D is not clean. It already has some cruft. For example, there should be no "@safe" annotation but an "@unsafe" one. Unfortunately, D picked the wrong default back then.

Ok, "in relation to C++" it is clean. :)

Edit: There is a proposal to fix it: https://github.com/dlang/DIPs/blob/master/DIPs/DIP1028.md


Pardon the pun, but @safe is a safe choice. IMHO, for general language it is more productive by having low hanging fruits as the default. The popularity follows consumer->enterprise->military->aerospace, and safety gets more critical up the systems food chain. That's propably the main reason Ada is not a common or popular programming language since it is for higher end of the food chain.


This makes more sense as an argument for dynamic typing or GC by default than a “safe” keyword, imo.

From my experience with Rust, there’s basically _never_ any cost in sticking to safe code. The standard library and crates pretty much always give you enough tools.

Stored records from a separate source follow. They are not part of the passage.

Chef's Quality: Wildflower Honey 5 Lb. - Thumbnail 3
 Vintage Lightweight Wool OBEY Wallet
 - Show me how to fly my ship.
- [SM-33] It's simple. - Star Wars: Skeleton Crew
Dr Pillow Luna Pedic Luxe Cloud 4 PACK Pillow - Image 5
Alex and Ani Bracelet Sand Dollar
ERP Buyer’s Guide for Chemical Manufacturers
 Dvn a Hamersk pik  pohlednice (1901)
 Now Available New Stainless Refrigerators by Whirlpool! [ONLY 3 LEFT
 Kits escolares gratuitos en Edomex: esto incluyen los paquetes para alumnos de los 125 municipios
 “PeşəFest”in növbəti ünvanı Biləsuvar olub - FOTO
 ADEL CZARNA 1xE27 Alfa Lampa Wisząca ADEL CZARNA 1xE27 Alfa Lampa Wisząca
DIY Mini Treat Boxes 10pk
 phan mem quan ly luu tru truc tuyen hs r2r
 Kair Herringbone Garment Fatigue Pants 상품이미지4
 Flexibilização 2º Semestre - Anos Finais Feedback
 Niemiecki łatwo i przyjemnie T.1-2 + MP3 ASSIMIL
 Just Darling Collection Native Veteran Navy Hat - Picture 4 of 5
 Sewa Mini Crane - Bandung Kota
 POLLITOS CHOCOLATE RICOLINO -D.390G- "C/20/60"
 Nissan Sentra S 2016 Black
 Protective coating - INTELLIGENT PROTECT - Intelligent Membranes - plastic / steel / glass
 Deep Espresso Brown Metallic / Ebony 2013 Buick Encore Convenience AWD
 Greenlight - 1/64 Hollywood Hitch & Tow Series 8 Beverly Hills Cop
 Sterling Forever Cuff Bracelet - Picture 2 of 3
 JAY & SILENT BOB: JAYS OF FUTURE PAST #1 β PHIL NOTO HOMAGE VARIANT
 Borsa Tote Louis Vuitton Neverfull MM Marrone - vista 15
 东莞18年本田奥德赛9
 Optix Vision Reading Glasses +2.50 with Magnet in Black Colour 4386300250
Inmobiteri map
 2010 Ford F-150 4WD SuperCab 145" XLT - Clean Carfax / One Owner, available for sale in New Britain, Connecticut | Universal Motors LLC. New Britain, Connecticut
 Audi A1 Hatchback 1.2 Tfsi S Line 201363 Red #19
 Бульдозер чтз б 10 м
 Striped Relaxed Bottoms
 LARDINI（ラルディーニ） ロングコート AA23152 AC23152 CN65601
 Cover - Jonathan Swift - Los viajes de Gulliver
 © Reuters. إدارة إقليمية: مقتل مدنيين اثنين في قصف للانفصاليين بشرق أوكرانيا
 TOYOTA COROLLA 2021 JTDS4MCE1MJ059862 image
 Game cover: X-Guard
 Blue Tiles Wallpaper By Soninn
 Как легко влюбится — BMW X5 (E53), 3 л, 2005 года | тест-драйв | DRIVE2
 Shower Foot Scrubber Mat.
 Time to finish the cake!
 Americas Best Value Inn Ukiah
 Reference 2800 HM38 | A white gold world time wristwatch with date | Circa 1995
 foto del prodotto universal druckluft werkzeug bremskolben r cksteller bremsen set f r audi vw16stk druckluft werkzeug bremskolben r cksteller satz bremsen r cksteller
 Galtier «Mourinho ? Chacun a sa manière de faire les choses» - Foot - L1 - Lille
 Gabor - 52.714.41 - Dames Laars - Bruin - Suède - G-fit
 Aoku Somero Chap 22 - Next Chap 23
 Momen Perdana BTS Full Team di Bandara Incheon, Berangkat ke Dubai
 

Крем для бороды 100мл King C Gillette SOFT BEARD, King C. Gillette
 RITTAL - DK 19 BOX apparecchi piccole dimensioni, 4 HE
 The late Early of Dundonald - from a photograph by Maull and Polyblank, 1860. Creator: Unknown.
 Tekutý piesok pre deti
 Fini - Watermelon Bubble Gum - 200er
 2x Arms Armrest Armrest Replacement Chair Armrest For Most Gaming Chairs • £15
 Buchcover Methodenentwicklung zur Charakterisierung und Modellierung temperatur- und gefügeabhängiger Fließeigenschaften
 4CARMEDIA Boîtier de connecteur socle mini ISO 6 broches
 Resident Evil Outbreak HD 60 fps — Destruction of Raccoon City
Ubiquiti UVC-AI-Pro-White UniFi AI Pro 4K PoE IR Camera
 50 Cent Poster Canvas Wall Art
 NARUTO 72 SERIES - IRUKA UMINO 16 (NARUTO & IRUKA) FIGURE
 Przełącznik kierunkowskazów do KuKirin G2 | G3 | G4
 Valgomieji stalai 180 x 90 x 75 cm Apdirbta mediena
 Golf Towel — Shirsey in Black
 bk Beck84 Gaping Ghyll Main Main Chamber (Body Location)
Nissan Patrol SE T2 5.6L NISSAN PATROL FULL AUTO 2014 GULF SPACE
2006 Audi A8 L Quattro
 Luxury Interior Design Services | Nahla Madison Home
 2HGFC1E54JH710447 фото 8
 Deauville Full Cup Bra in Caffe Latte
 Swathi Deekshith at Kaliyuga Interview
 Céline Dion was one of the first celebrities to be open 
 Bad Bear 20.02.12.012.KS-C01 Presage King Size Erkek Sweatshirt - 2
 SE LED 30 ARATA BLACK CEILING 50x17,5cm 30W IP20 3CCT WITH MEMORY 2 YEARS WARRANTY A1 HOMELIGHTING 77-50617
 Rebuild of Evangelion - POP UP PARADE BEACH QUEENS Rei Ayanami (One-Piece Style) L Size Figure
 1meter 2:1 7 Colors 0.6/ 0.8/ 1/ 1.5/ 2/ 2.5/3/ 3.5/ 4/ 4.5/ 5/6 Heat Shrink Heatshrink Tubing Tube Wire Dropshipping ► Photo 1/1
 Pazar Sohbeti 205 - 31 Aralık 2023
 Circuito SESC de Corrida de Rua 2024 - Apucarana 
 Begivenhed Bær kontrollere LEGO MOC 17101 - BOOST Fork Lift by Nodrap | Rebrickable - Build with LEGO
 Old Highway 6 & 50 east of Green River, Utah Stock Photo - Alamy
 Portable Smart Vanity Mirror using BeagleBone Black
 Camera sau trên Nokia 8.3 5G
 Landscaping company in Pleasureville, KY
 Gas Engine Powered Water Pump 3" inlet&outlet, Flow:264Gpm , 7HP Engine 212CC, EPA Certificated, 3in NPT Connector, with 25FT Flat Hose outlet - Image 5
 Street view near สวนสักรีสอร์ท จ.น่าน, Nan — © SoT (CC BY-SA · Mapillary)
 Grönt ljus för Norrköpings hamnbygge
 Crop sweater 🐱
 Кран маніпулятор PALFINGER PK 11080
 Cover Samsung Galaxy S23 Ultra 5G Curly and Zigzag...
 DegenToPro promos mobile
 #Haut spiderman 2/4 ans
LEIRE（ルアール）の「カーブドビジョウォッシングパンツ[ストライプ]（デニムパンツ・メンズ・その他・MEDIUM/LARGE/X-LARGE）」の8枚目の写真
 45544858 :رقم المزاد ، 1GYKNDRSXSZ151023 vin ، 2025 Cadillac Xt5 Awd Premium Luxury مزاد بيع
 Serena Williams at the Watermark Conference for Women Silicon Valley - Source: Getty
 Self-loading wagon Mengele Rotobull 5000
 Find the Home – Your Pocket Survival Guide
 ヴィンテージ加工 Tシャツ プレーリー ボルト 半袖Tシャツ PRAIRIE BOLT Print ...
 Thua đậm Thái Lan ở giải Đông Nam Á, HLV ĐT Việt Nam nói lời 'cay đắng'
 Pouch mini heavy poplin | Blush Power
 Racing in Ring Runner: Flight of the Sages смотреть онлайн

Unsafe is really only ever needed if you’re implementing the core of an abstraction, which is probably not something that’s going to deter “casual” users imo.

The borrow checker and and type system definitely can be thorny at times, though. Other times they’re very easy to work with! But having a more ergonomic way to fall back to Java-like behavior, if only for debug builds, would make languages like Rust _much_ more accessible.


D's nascent ownership/borrowing checker will operate at the function level. So you can incrementally use it as it suits your application.